◆ Record excerpts:
*** Block opens ***

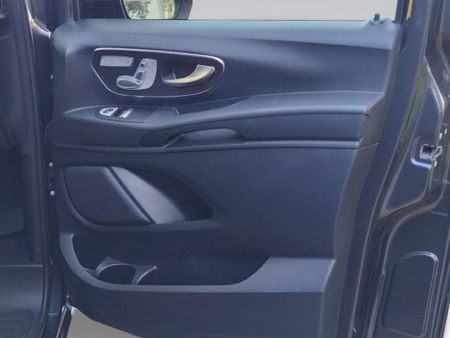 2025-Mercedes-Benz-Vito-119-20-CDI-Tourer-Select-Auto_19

*** Block closes ***
*** Block opens ***

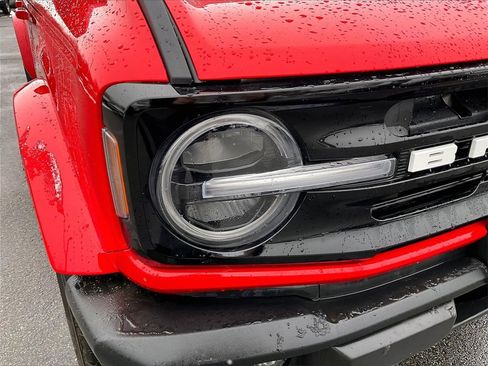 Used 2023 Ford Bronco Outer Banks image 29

*** Block closes ***
*** Block opens ***

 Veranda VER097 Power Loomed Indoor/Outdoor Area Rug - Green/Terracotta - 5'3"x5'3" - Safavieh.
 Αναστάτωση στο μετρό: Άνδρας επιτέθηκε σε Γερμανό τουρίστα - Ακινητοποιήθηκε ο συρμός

*** Block closes ***

◆ Assignment: Copy exactly the stretch of data above from the line with "Veranda VER097 Power" through the line with "Αναστάτωση στο μετρό: Άνδρας", and omit all other lines.

◆ Completed task:
 Veranda VER097 Power Loomed Indoor/Outdoor Area Rug - Green/Terracotta - 5'3"x5'3" - Safavieh.
 Αναστάτωση στο μετρό: Άνδρας επιτέθηκε σε Γερμανό τουρίστα - Ακινητοποιήθηκε ο συρμός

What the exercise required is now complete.